You know the Sacredness of Liberty and Property. Now all stragling Apologues fall to you as Lord of the Mannor, and the very Ghost of Æsop (no very agreable Appartion, you may imagin) of Poggius, Abstemius, and my own old blind Author too for Company, durst I with-hold the Due, wou'd e'ry Night draw my Curtains 'till You had Justice done You. Besides as Duty and real Interest are ever inseparable, so particularly in the present Instance it's the Privilege of Your humble Imitators that by doing You Fealty they challenge Your Protection, the very end of Government, when at the same time too our Tribute's but a Peppercorn-rent, make the best on't, and Your Subjects are more beholden to You for accepting, than You to them for paying their Acknowledgments.

I have frequently wonder'd at the Confidence of Authors in expecting to be gratify'd for their Dedications, and oftener at the Weakness of Patrons, that they'll vouchsafe 'em those dishonourable Encouragements. For first, it's Ten to One but the great Man catches a Tartar, or provides for a Bantling that is not worth a Clout: Or secondly, if he has reason to be proud of his Purchase, all the Glory and Encomium of the Epistle smells abominably rank of Confederacy and Bargain. Mæcenas but spoils his own Market while he makes a liberal Art a mercenary one; and when the Orator or the Poet is to draw his Picture beyond the Life, he cann't be contented unless he set for't with a Cap and Bells forsooth! of his own providing. In a Word, the Fee shou'd rather accrue to the Patron from the Scribler, and little enough at last too considering what a Cause he's oblig'd to attend: Now my little harmless homely Ditty Petitions for no more than barely the benefit of the two Capital Letters aforesaid. It applys in forma Pauperis, and the Translator will magnify Your Charity both in his Author's Name and in his own, if You'll keep his Calliope in countenance gratis. Nay indeed the whole is but a Cur'sy to my Dancing-Master, pardon the levity of the Allusion. You were my Apollo, my Helicon, and my Muses; that Ocean of true Wit and good Sense from which the Drill, as to all that's tolerable in it, derives itself, and into which it as naturally returns, 'though at the expence of its Acrimony in the Circulation.

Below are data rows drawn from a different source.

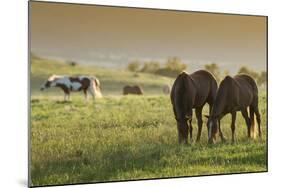 Horses Grazing before Sunset, Philmont Scout Ranch, Cimarron, New Mexico-Maresa Pryor-Mounted Photographic Print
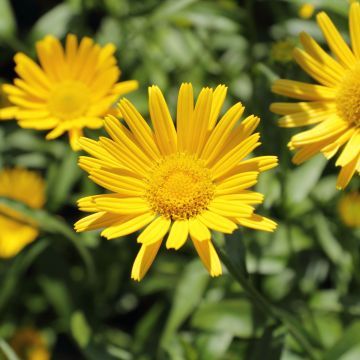 Buphthalmum salicifolium Alpen Gold - Weidenblättriges Ochsenauge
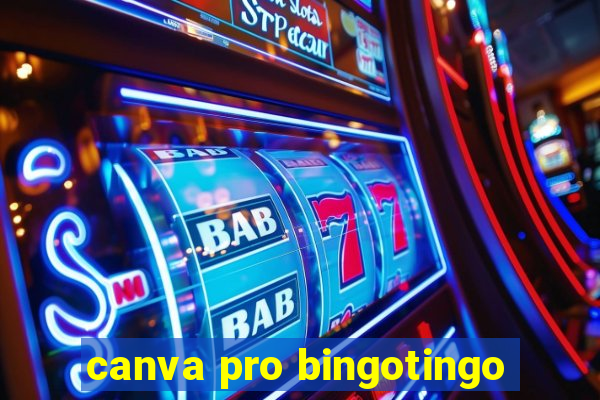 canva pro bingotingo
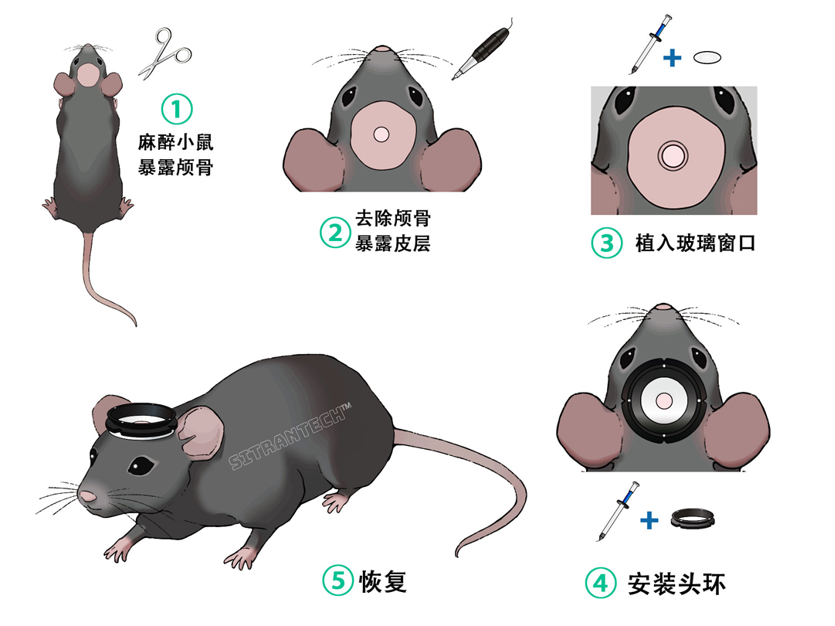小鼠開窗手術流程示意圖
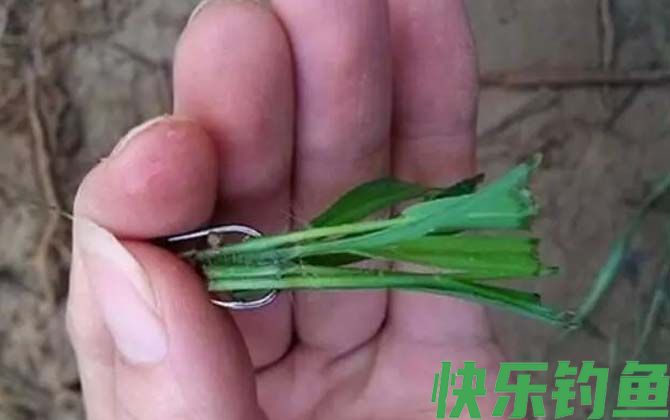 排名第一的草鱼饵料是什么？(图2)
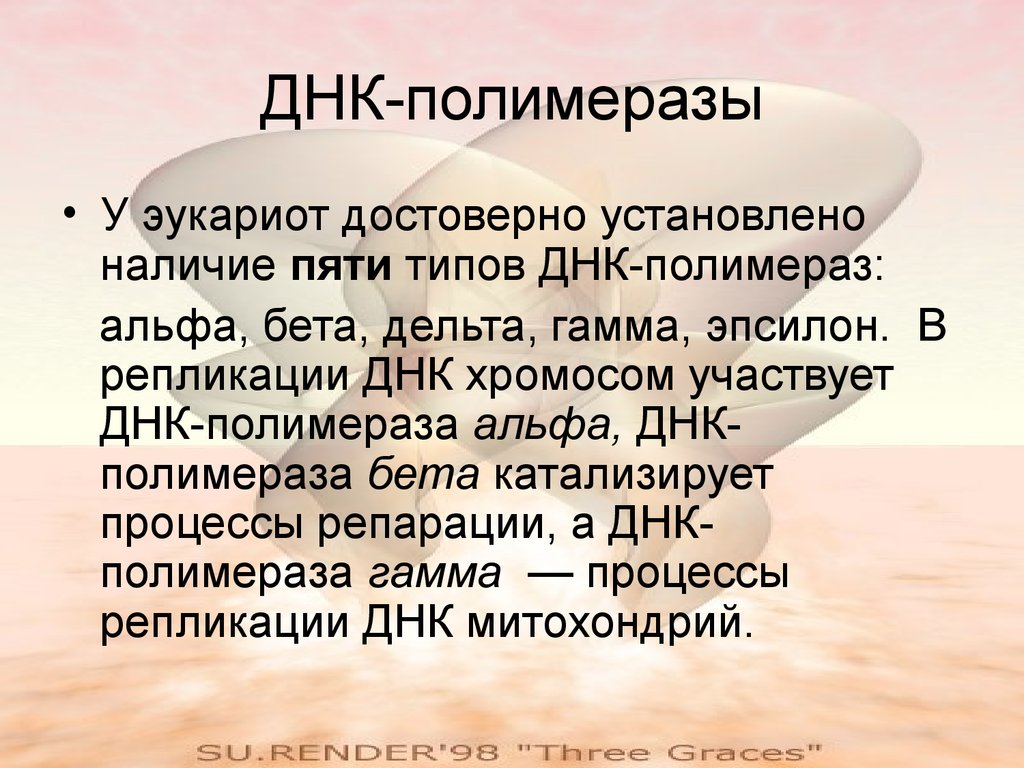 Наличие пяти. ДНК полимераза. ДНК полимераза Альфа. ДНК полимераза бета. ДНК полимераза функции.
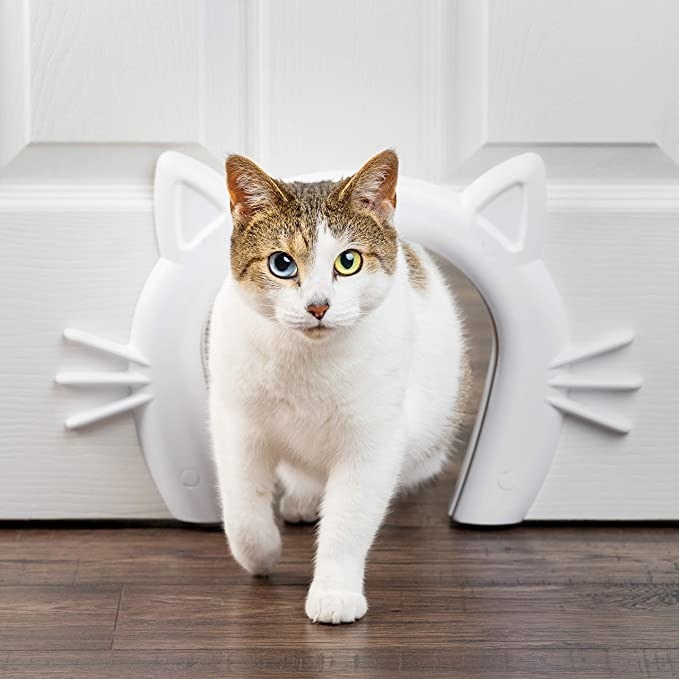 A cat walking through a cat-shaped opening in a door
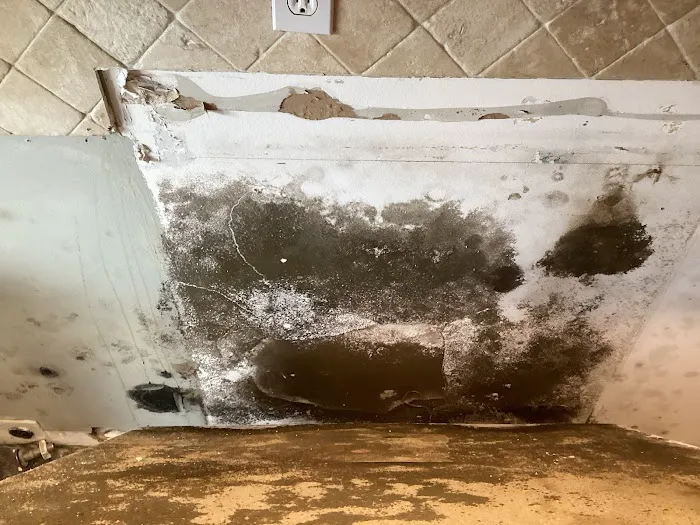 SERVPRO of Plantation Picture 6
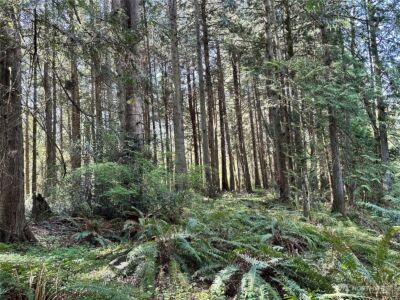 0 Lot 31 NW Lakeness , Poulsbo, WA 98370 - Photo 6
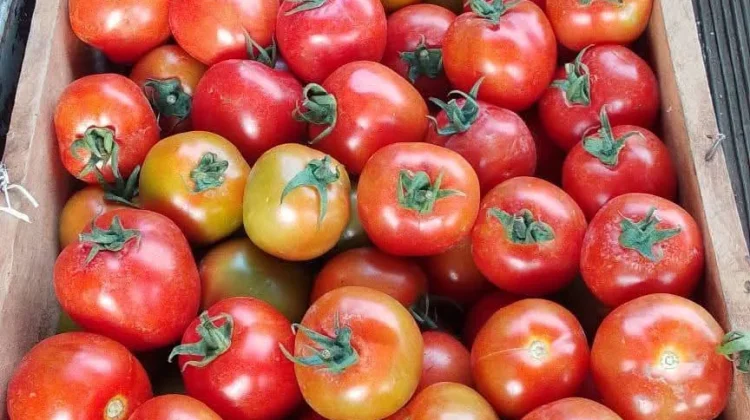 Harga Tomat di Pasar Melonguane Kembali Turun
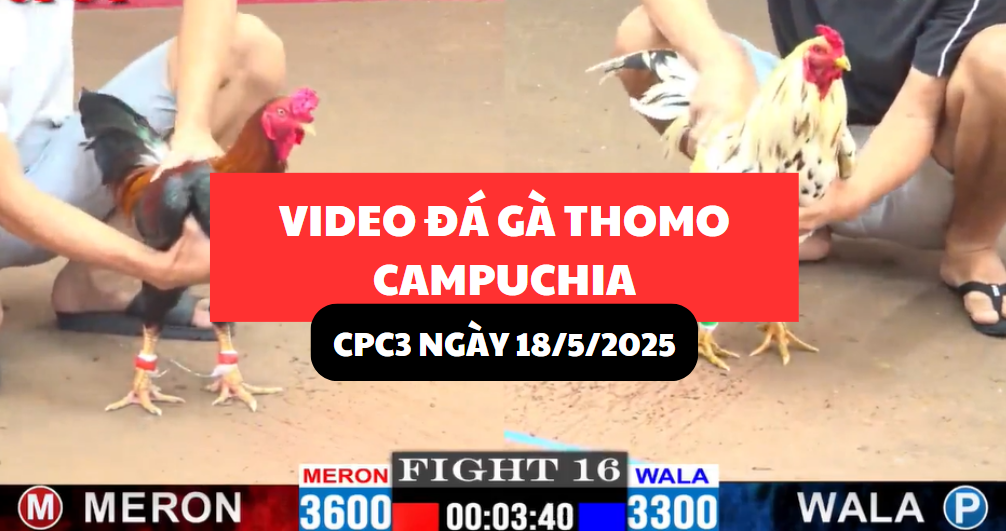 video đá gà thomo tại cpc3 ngày 18/5/2025 hôm nay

But hold! 'tis high time to enter upon the main Business of an Epistle Dedicatory, the Patron's Apotheosis. And what now must I extol? Your Integrity, Constancy and Courage? Alas! 'tis a long time ago since these pass'd for recommendatory Qualities; nay of very dangerous Consequence might it prove to us Both, at this time o' Day, should I blurt out a Syllable in favour of 'em. Your Letters then, your Judgment, your Wit, your Prudence? That were as much as to say all the World did not already admire 'em, ever excepting my Brother C——; and I verily believe too, even he, cou'd the Man have as good an Opinion of any Body as of himself, wou'd entertain it of you.

How then shall I manage my Address? Assume the modish Figure call'd Apophasis or Whispering aloud, and run you a long Division upon your several Excellencies with a Not to mention 'em? Or shall I tell you that your Modesty being a Nusance to the rest of your Virtues, I had rather be wanting in my Duty to Them, than most inhumanely torture That? Nauseous, vile, pedantick Forms! and as prostituted Common-places as Panegyrick itself! What remains therefore but the liberty of making this brief, bare, and simple, yet candid Profession, that I am,

Honour'd SIR,

Most sincerely and most humbly

Your Servant, as oblig'd,

S. Parker.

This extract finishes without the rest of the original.